Everyone knows that just a few years ago banks owned the financial sector. The only way to pay, transfer and save money was via a traditional bank. The reign of the banks was maintained principally due to the fact the industry was highly regulated and therefore an exclusive club of licence holders. As such, it was seemingly immune to the huge changes other sectors (such as the music industry) were subject to from new business models made possible by digital technology.
However, this is no longer the case. Today, the banking industry is in the midst of the most disruptive period in its history. New players and technology are proliferating every aspect of the industry, from lending and investment to payments.
A new era for banks
Regulators have been clamping down on banks, by increasing the burden of compliance, not just in terms of additional capital requirements and numerous mandates, but also through a hefty raft of punitive fines for non-adherence.
At the same time regulators have been determined to open the doors and create a more level playing field for new players. Most notably, with the new EU Payment Services Directive coming into force, banks are being forced to become more transparent and share customer data, an area previously protected.
Despite frustration from the traditional big banks, the regulators are having some success in encouraging non-banking players to drive innovation across the industry. For example, the regulatory regime has been expanded to admit e-money issuers, such as some of the mobile operators like Vodafone, payment service providers like Worldpay and a range of FIs with innovative business models like Skrill and Ukash. While the model of non-bank financial institution requires much less capital than banks to operate, the barriers to entry are still too arduous for the pace of experimentation to rival the speed of innovation in other sectors. As things stand, it is mostly well-financed start-ups that have the chance to deliver innovative financial services to challenge the offerings from established banks.

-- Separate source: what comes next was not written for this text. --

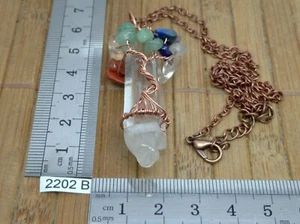 Pendentif 7 CHAKRAS arbre de vie sur POINTE DE CRISTAL XL + CORDON reglable - Picture 1 of 6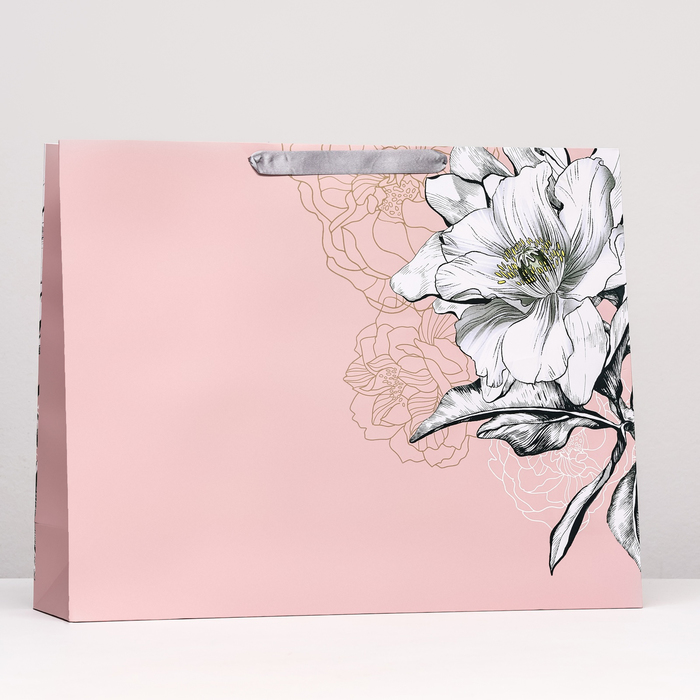Пакет подарочный Цветы бежевый, 50 х 40 х 15 см printio пакет 15 5x22x5 см цветы анютыны глазки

The new unregulated players
Beyond the influence of the regulators, a grassroots approach has emerged: cryptocurrencies, such as Bitcoin, offer a radical alternative to payment innovation. Innovators in this space have in effect sidestepped regulation and have been much more nimble at developing and deploying new payment services. Bitcoin demonstrates a model of ‘permissionless’ as well as frictionless innovation for payments.
And so we have a battle of three!
Whilst new players have undeniably been encouraged into the payments ecosystem, the resulting situation is one of ground-shifting change with the banks, regulated non-bank players and the unregulated companies battling it out for supremacy. It is also increasingly balkanized and inefficient as banks retain the broad distribution networks, non-regulated payment services attract envy as well as evil, while non-bank companies look for ways to scale while staying on the right side of compliance.
Arguably, as we settle in to 2016, there is need for a more collaborative and open industry that will ultimately address and provide solutions to the many residual inefficiencies in payments, and lead to an explosion in creative payments solutions that better suit the needs of consumers and business alike.